LMA: Tell us a little about your artistic background:
Julie: I have a Bachelor of Architecture and I’m self-taught as an artist.
LMA: Do you have any professional art training?
Julie: In Architecture I learned basic design principles that translate across the board. I also developed a good sense when it comes to constructive critiques. Back then, I took as many art classes as I could, including figure drawing, photography, and ceramics. More recently I’ve taken ceramics again, color theory, painting, stained glass, online mosaic classes and University of YouTube for many art related topics.
Natalia by Julie Mazzoni
LMA: How long have you been creating mosaic, art, etc?
Julie: I made my first mosaic in 2009. Back then I worked on one piece at a time. Now I always have multiple projects in the works.
LMA: What about mosaics resonates with you?
Julie: The connection to the past and the lasting power of the medium. It is fascinating to see ancient mosaics still getting discovered and unearthed. There is also no denying the allegory with life that they hold, with all its intricate little pieces and beauty in the parts as well as the whole. And lastly, I think the tactile nature of the process resonates with me.
LMA: What is your favorite part of the mosaic process?

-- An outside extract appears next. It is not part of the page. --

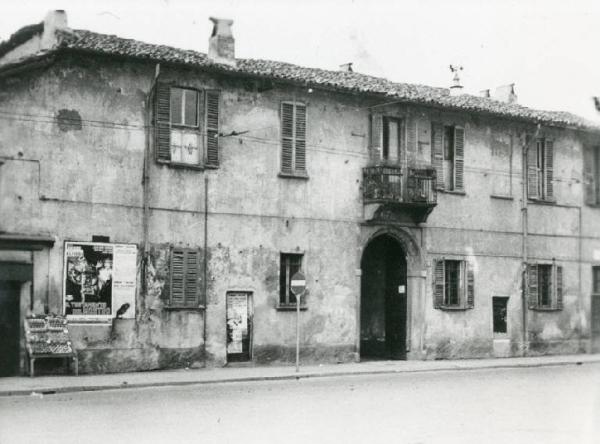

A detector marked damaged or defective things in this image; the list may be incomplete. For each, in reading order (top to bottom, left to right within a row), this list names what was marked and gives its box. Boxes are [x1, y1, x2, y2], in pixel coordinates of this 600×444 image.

peeling plaster wall [0, 51, 596, 374]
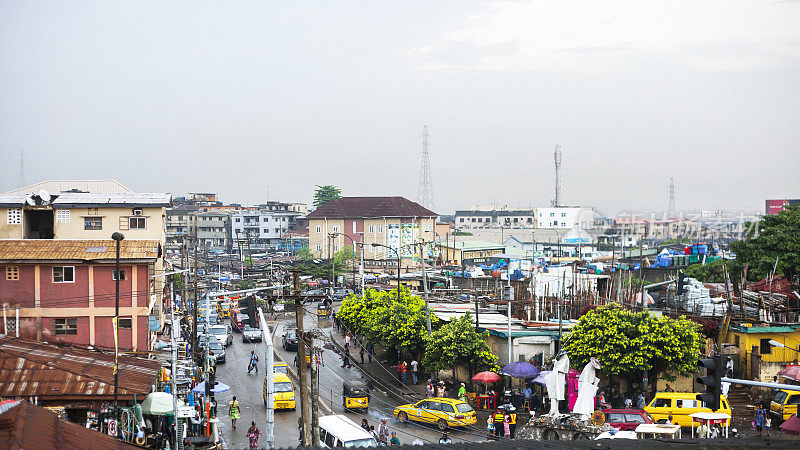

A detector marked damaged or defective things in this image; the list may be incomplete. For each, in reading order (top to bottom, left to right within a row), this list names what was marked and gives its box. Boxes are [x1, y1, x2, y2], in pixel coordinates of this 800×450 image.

Julie: Working with various material is my favorite part.
Empty Nest by Julie Mazzoni
LMA: Do you have a favorite subject matter? What is it?
Julie: I am drawn to figures that are self-reflective or thoroughly engaged in an activity that brings them peace and joy– the relaxed yet attentive body language speaks to me. I have only done a handful, but will likely be making more.
Glory by Julie Mazzoni
LMA: Where do you find inspiration for subject matter?
Julie: Nature, gardens, the classroom, exhibitions, looking at other mediums and artists online, music, my family, my dreams, my memories, history, materials and science. I enjoy running and hiking and the freedom of being disconnected they provide. It gives me time to wonder and think.
LMA: What do you find to be the most challenging aspect of mosaics?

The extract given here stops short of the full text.